L-A: I’m going to go out on a limb here and declare my outright distaste for the jumpsuit, the playsuit, the romper, the whatever-you-want-to-call-it-one-piece. I won’t declare it an outright fashion faux pas, as there are some notable exceptions. Actually, forget that. I’m going to put my foot down and say that unless you happen to be one of the five lucky girls who have found and fit into one of these exceptions, just ignore this fashion trend. You will probably thank me when you aren’t stuffing the jumpsuit you wore once into the Salvation Army clothing bin at the end of the summer. And let’s not forget the inconvenience of having to haul ass to the ladies in one of these suits. No one can deny they’re a pain to wear when you have to pee. Even Lo of The Hills has twittered so much.
It’s okay. It has a waist and no harem pants. But the thing is, it doesn’t go beyond “just okay” or “doesn’t look too stupid”. And when you’re a celebrity with a stylist or are a sort of celebrity who wants to be a stylist, then “doesn’t look too stupid” doesn’t cut it. And this is what really sticks in my craw: stylish people are going bananas for the jumpsuit (okay maybe not bananas per se, but they are encouraging it). Blogs, magazines, and generally stylish folk on the internets have been talking about the jumpsuit trend since late 2008. And keeping us all abuzz about the jumpsuit only encourages crimes of fashion like this:
Check out those four otherwise attractive women. Not one of them dressed in anything that might flatter them. If I were to come across Rhianna and Angie Harmon into a “who wore it better” contest featuring that floral jumpsuit, I would have to choose “neither”.
And the worst of it?
Harem pants. Harem pants! Who on God’s green earth approved the return on harem pants? I’ve recently read that MC Hammer is feeling like the style trendsetter now that these monstrosities are back en vogue and the idea of anyone taking style tips from Hammer sends chills down my spine.

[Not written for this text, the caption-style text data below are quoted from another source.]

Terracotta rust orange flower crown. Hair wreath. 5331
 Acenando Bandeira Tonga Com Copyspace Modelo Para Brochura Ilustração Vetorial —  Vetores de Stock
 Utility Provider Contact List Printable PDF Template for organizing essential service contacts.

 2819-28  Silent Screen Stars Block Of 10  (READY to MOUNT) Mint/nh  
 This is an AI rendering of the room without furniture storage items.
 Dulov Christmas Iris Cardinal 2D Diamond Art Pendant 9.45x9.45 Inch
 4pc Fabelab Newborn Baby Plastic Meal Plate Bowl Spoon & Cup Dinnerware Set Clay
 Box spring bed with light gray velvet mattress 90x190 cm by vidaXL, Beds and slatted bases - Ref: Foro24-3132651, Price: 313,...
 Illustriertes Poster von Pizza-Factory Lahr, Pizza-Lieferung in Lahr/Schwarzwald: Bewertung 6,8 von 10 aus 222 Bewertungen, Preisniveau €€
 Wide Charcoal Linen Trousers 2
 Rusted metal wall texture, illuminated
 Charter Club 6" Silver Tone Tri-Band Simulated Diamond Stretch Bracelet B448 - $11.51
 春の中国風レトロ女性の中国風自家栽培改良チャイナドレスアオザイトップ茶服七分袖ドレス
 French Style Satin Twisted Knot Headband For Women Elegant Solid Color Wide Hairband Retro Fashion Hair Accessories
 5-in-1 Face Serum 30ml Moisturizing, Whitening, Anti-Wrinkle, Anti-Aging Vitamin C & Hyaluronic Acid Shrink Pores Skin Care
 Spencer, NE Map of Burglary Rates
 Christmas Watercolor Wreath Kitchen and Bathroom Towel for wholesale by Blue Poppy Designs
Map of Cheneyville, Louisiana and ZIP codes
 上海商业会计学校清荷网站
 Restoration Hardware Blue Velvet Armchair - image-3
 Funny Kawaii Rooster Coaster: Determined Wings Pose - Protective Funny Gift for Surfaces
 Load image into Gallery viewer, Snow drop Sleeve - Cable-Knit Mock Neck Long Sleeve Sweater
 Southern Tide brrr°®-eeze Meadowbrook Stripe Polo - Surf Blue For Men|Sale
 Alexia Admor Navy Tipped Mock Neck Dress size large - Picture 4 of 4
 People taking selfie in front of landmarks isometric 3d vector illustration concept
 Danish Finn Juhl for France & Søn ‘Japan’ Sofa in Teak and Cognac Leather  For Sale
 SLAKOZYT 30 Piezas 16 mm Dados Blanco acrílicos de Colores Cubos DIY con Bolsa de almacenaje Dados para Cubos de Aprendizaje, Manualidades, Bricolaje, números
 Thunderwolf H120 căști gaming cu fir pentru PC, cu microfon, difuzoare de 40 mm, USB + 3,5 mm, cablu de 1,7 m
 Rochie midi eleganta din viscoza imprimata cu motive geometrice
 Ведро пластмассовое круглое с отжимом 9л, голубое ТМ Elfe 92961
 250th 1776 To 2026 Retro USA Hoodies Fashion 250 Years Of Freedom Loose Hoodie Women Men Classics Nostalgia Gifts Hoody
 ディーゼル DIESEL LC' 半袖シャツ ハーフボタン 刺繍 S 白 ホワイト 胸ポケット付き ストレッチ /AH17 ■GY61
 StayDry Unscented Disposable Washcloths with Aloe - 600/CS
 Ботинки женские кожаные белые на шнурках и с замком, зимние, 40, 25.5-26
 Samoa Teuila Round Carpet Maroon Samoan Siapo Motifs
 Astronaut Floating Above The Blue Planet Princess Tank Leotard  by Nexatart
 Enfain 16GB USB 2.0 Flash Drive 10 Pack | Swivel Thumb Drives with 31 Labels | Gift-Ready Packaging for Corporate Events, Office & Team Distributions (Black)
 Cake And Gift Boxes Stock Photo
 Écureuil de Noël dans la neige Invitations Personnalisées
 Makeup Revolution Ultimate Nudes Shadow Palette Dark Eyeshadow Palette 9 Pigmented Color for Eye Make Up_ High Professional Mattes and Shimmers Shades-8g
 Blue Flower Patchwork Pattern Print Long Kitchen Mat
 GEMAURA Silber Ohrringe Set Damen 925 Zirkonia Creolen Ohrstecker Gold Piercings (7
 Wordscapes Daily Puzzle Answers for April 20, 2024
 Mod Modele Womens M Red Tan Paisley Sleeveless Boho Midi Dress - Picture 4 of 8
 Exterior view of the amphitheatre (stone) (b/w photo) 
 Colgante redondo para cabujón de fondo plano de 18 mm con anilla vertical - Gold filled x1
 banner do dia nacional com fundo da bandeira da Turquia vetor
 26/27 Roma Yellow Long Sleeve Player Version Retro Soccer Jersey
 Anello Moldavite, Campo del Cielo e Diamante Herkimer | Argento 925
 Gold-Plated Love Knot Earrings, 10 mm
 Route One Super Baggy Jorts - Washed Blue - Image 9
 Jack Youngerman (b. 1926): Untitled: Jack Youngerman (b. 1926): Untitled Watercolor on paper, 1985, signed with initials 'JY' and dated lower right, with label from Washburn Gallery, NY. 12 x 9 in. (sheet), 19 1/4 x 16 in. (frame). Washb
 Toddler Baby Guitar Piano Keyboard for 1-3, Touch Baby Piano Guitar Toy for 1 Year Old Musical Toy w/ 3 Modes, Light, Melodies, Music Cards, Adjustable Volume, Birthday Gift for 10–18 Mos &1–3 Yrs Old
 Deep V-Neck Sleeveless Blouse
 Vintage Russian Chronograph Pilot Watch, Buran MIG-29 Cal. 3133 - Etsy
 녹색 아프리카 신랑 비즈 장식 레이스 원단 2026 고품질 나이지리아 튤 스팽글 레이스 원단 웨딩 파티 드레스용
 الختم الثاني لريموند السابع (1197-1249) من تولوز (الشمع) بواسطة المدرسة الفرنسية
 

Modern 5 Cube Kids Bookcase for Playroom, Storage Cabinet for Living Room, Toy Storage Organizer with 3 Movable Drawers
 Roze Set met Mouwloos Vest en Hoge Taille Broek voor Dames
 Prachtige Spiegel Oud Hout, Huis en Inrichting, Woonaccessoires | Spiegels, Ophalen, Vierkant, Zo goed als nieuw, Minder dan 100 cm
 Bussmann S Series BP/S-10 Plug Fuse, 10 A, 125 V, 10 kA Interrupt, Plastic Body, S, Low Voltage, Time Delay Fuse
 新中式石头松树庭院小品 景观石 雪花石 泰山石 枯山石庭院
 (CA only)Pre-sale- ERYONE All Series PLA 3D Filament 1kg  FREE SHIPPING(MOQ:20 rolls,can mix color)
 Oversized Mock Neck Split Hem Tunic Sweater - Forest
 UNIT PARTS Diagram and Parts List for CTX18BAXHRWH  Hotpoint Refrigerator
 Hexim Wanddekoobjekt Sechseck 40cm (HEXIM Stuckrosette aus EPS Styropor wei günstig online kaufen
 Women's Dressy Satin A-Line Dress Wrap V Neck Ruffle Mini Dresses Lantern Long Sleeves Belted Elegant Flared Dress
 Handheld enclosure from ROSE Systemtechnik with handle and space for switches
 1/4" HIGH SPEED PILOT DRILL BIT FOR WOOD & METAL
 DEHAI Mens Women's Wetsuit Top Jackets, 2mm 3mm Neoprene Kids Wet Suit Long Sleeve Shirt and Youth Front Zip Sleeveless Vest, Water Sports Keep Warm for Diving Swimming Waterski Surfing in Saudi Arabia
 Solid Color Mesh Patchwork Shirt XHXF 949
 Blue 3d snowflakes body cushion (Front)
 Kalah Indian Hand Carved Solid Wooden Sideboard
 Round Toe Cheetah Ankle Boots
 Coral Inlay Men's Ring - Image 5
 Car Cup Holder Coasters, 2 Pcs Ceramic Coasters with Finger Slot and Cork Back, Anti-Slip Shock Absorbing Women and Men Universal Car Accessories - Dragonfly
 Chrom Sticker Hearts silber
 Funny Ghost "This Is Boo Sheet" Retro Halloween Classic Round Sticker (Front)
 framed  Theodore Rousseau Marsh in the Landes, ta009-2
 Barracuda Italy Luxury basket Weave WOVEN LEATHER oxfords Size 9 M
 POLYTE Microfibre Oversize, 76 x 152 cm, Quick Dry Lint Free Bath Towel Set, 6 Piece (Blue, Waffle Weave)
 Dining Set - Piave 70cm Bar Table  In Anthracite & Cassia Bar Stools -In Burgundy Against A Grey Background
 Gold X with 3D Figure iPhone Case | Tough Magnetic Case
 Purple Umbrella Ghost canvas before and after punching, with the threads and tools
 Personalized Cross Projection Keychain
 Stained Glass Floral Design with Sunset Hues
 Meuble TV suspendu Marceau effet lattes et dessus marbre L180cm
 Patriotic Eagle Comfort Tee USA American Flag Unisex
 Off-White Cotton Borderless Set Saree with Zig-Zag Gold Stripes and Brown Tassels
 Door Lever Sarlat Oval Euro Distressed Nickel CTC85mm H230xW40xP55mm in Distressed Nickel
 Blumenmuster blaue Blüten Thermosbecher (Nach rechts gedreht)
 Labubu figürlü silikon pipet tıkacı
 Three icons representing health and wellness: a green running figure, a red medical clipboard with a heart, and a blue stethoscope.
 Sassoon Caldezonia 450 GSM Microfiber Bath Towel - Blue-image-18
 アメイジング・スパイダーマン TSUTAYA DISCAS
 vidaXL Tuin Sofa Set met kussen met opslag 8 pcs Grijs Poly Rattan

The worst culprit of all? The look that just tells you that no amount of money, fame, or scary space religions can buy you good taste is this one:
Apparently, it is of her own design. That’s a white, strapless, harem legged jumpsuit over a lace blouse. Excellent job Katie. Now I know she’s gone Cruise-crazy with the Stockholm syndrome.
Okay Ally, what are your thoughts on the jumpsuit? Yay or nay? I ran the idea by my every-so-stylish girl J.Lau and her reply was “Those jumpsuits? No. No. Definitely not”. So I’m know I’m not completely crazy.
AllyG: I apologize in advance for my short comments (although this might be a welcome change for readers) as I am running off to meet L-A for coffee.
I’m going to be honest. I like the word “romper” although my friend Melissa made a good point the other day stating that the last time she heard the word “romper” she was eagerly awaiting the lady to say her name through the magic mirror. “Romper” it’s such a delicious word!
I like the short romper. Do you know who does a romper well? Nicole Ritchie? Although if this is a picture taken of her while she is pregnant I will jump out my window.
Blake Lively ain’t so bad herself. Did you know that nude shoes make your legs longer? True story! Now mind you, these are two examples of the “Romper short” vs. the “Romper pantsuit” which reminds me of Dallas (I’ll spare you another video).
I also enjoy Katy Perry in a romper:
Although I enjoy Katy Perry in anything. She is gorgeous and I think we would be total best friends.
To summarize: Hate the full body romper, love the short romper, but would never wear it myself. No one wants to see that. No one.